On his last stop of a four-day visit to France, an inspection of the Franco-Italian Alcatel Alena Space satellite facility on the French Riviera that is to build a Chinese television orbiter, he said: “Our cooperation in space shows the character of the cooperation between China and France.
“It also shows the depth of the political trust and the positive outlook of our scientific cooperation.”
A Chinese deal signed in Paris on Monday to purchase 150 mid-range jets from Airbus for a value of nearly 10 billion dollars (eight billion euros) dominated Wen’s visit.
The precondition to that mega order — Airbus’s biggest to date — was that the European plane-maker investigate the feasibility of opening an aircraft assembly plant in China.
That memorandum of understanding was inked within two hours of Wen’s touching down in France on Sunday, when he headed straight to Airbus’s headquarters in Toulouse.
Everywhere he went, it was clear Wen’s focus was on strategic business-making — a goal that France was keen to accommodate, having invested many years and much prestige in prying open the expanding Chinese market.

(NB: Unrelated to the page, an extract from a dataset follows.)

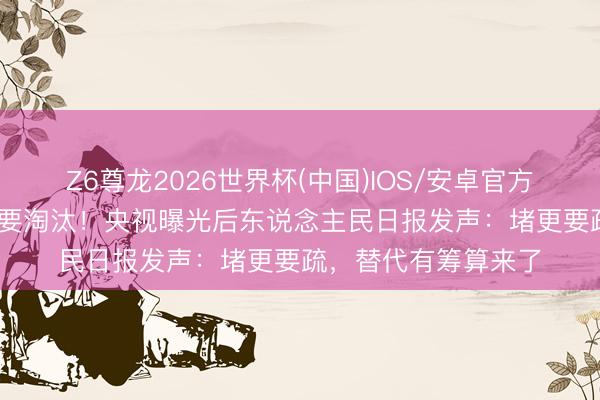 Z6尊龙2026世界杯(中国)IOS/安卓官方下载 “电动四轮车”要淘汰！央视曝光后东说念主民日报发声：堵更要疏，替代有筹算来了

French Prime Minister Dominique de Villepin, who greeted Wen on Monday, signalled the efforts were unflagging and emphasised their countries’ cooperation.
Villepin also reiterated France’s view that an EU arms embargo imposed on China after the 1989 Tiananmen Square massacre was “anachronistic” and should be ended.
With Western companies seriously courting China — and its increasingly wealthy 1.3 billion people — Wen and his government are ensuring that any big deals come with strings attached, namely the transfer of know-how and technology to their country so it can be a heavy manufacturing powerhouse of the future.
Experts say that the transfer of technology is often the clincher in negotiations.
That interest in technology was at the forefront of a visit Wen made Tuesday to the site of the planned 4.6-billion-euro International Thermonuclear Experimental Reactor (ITER) to be built by the European Union, China, Japan, the United States, Russia, South Korea and India in southern France.
The Chinese leader stressed the interest the whole world has in developing energy sources to replace dwindling fossil fuels.
China is especially hungry for energy to keep pace with its ever-growing, increasingly industrialised economy.
But Wen also took the opportunity of his visit to warn France that it has to sweeten its offer if it wants to win a current, eight-billion-dollar (6.8-billion-euro) tender China has put out for the construction of four third-generation nuclear power reactors.
The French company Areva is vying for that contract but faces stiff competition, notably from Westinghouse of the United States.
Wen left France for Bratislava, the capital of Slovakia. He was scheduled to also visit the Czech Republic and Portugal before heading back to Asia.